1964: Founding of the Palestine Liberation Organization (PLO)
In 1967, following tensions with its neighbors, Israel declared war on Egypt, Jordan, and Syria.
In the Six-day Arab- Israeli War, Israeli forces dominate the war and seize the Golan Heights from Syria, Sinai Peninsula & Gaza strip from Egypt, and the West Bank & East Jerusalem from Jordan. Also, Israelis settlers began to move into Palestine territories. United Nations reacts and adopts resolution condemning these Israeli occupations.
In 1973, Egypt and Syria attacked Israel to get back their land. Initially, the Israeli army fails to repel the attack. Under the influence of the Cold War, the Soviet Union and the Arab countries gave support to the attack while the United States sends emergency supplies of weaponry to Israel. With this boost, the Israel army further continues to push its borders.

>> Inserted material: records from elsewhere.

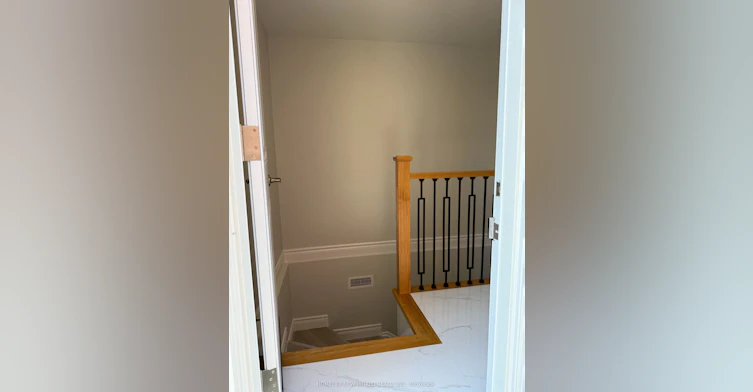 58 Squire Drive, Richmond Hill, ON, L4S 1C5 - 3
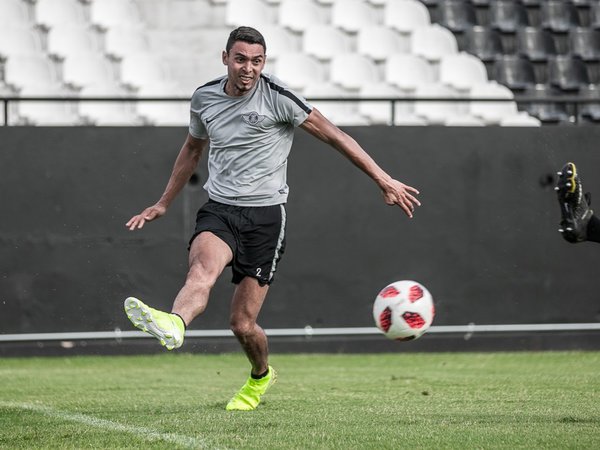El puesto que ocuparía Bocanegra en el equipo de Ramón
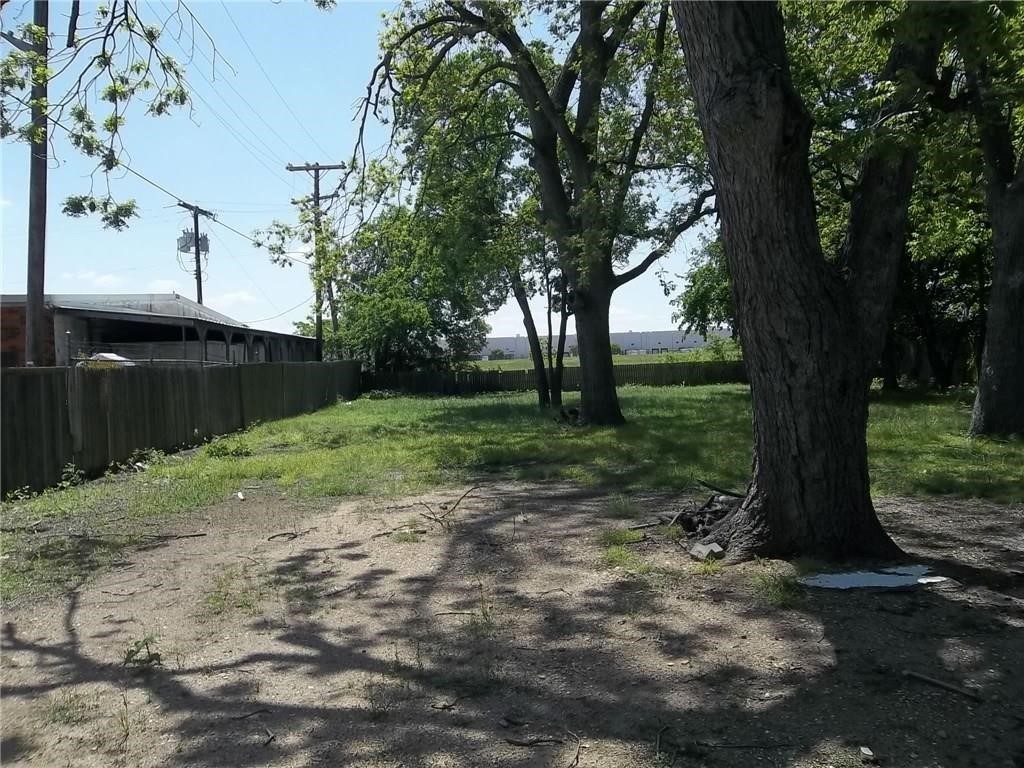 352 E Belt Line Road Wilmer TX 75172
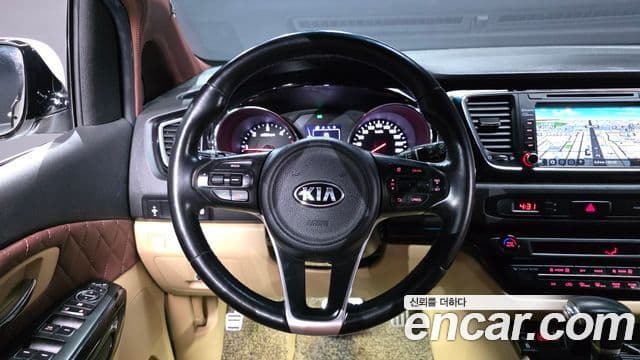 Kia All New Carnival Prestige High Roof, 2017 13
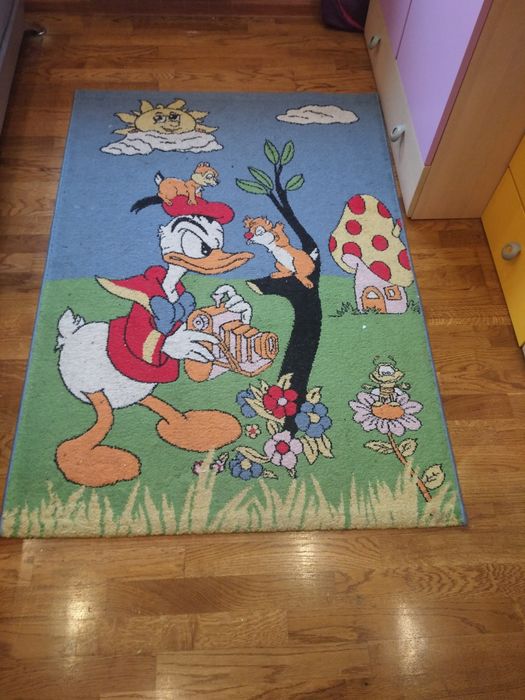 Продам ковёр детский в хорошем состоянии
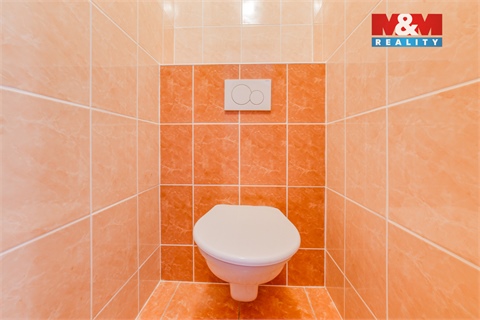 Pronájem bytu 3kk, 92 m² 12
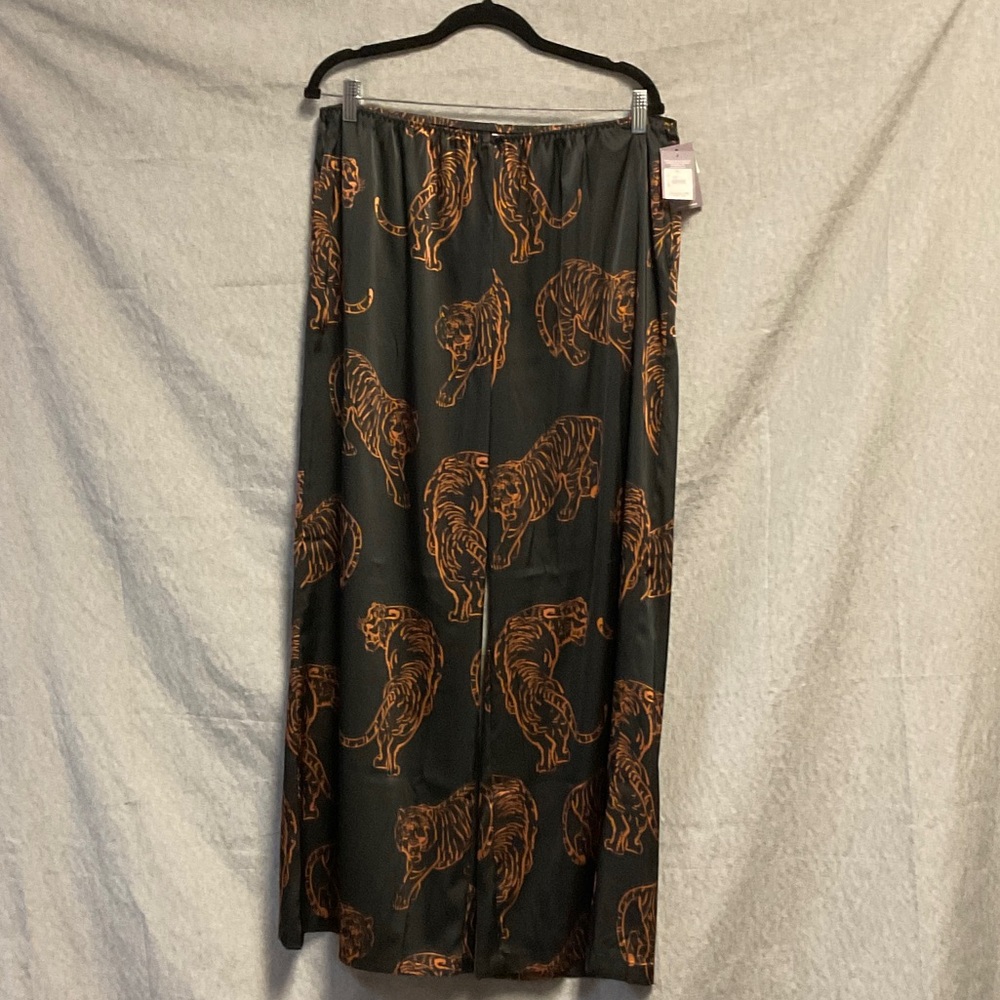 Auden Black and Orange Tiger Print pants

After a cease-fire, oil-exporting Arab countries decide to punish the United States and Israel allies by increasing the price of oil and decreasing its production. It caused the first oil crisis in 1973. As a result, Israel came under international pressure ceded Senai back to Egypt and part of Golan to Syria but retains control over Palestine territories where colonization accelerates mainly in east Jerusalem.
In West Bank, tension increased over water supplies as Israel had the upper hand on the resources that were unevenly distributed between Israeli settlements and Palestine areas. In 1987, the Palestinian population rebels. It was the beginning of the first Intifada – an Arab term meaning uprising. In this context arises Hamas – a Palestine Islamists movement fighting Israel. Meanwhile, in 1988 Jordan cedes to the PLO all the country’s territorial claims in the West Bank and Eastern Jerusalem.
In 1993, Palestine Liberation Organization (PLO) and the Israeli government agreed to implement a two-state solution by establishing two states – Palestine for Arab people and Israel for the Jewish people.
In 1995, a partition plan was proposed that provided for Palestine controlled areas, mixed areas, and rest under Israeli control ( plan for West Bank and Gaza Strip). But the two parties were unable to agree on thorny issues such as the status of Jerusalem and the return of Palestine refugees.
Israel begins constructing a wall in the west bank to protect the country but, in doing so, encroaches upon Palestinian territories. The wall is declared illegal by the ICJ. To try to calm the situation, the Israeli government in 2005 decided to remove Jewish settlement from the Gaza strip but retains control over its borders.
In the years that follow, tension focus around the Gaza strip, mainly against Hamas that came into power.
Israel imposes a blockade on the west bank while Hamas regularly fires rockets into Israeli territories. Violence from both sides resulted in a humanitarian disaster.
Why is the solution so difficult to achieve?
Both sides consider Jerusalem as their capital, which is also a place of worship and has a cultural heritage. The Israeli settlements in the West Bank are making the division even more difficult. Thirdly, Palestinian refugees who left Israel believe that they deserve the right to be back.
Globally, countries have recognized Israel and maintain diplomatic relations. But at the same time country are sympathetic to the Palestinian issue too.
It is a long-standing struggle for sovereignty over some parts of the land. The conflict between Israel and the militants in Palestine has disturbed the peace raising ethical issues. Israel’s settlements and their encroaching upon the land claimed by Palestinians further results in human rights violations.
Moreover, the issue has other connotations because of the involvement of Arab countries and the western nations leading to volatility and insecurity.